## Material provided
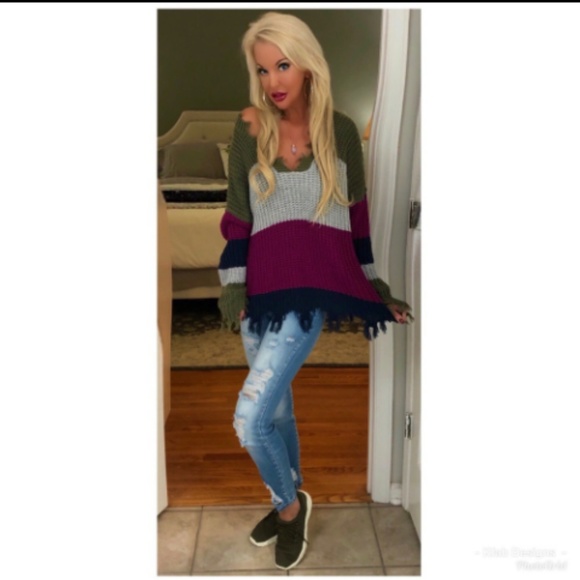 DISTRESSED COLOR BLOCK SWEATER - Picture 4 of 8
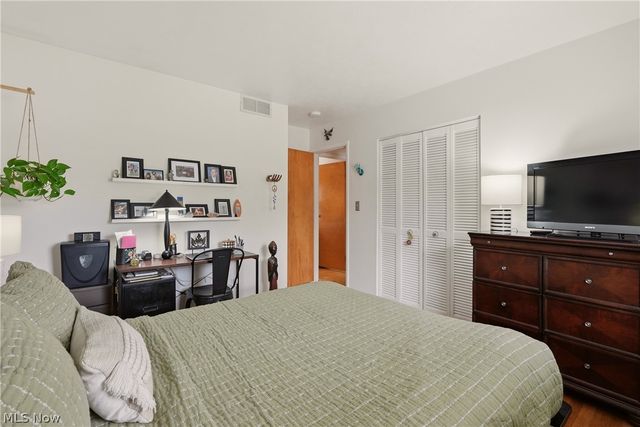 276 High Point Circle, Tallmadge, OH 44278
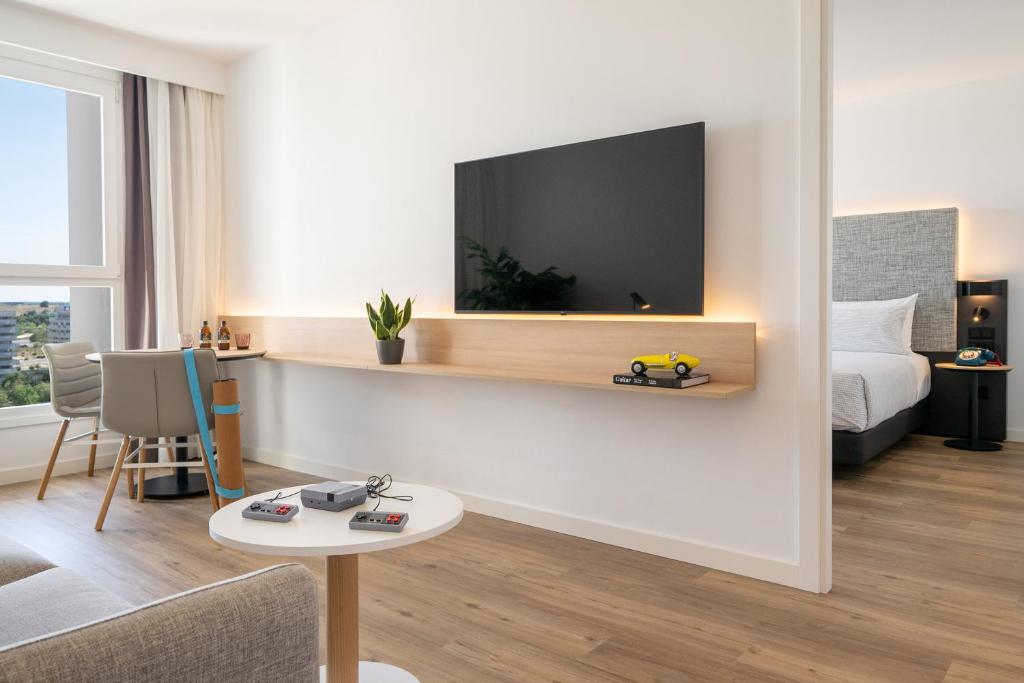 TV a/nebo společenská místnost v ubytování INNSiDE by Meliá Madrid Valdebebas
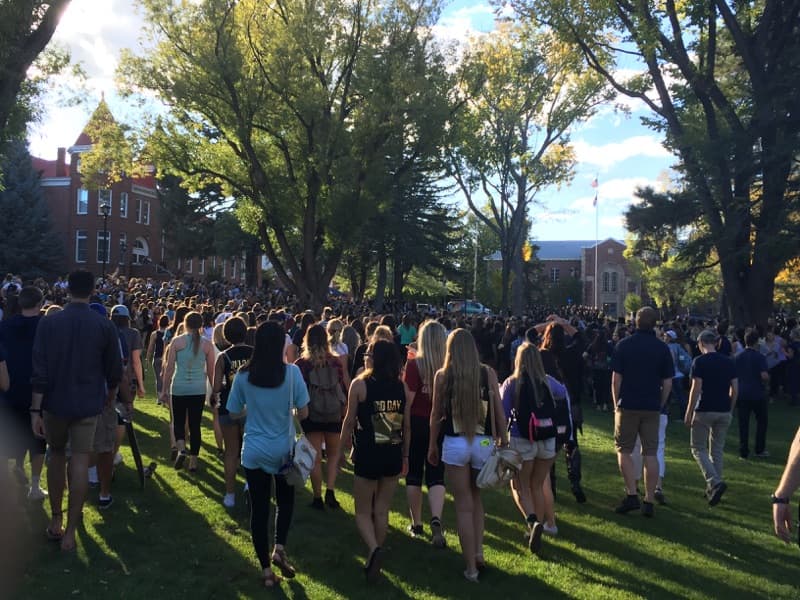 Estudiantes y personal universitario de la Universidad del Norte de Arizona (NAU) realizaron una marcha que buscar unir y dar consuelo tras el tiroteo que dejó un estudiante muerto.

## Required work
Every line of the listing above is to be set down verbatim, without the pictures.

## Output below
 DISTRESSED COLOR BLOCK SWEATER - Picture 4 of 8
 276 High Point Circle, Tallmadge, OH 44278
 TV a/nebo společenská místnost v ubytování INNSiDE by Meliá Madrid Valdebebas
 Estudiantes y personal universitario de la Universidad del Norte de Arizona (NAU) realizaron una marcha que buscar unir y dar consuelo tras el tiroteo que dejó un estudiante muerto.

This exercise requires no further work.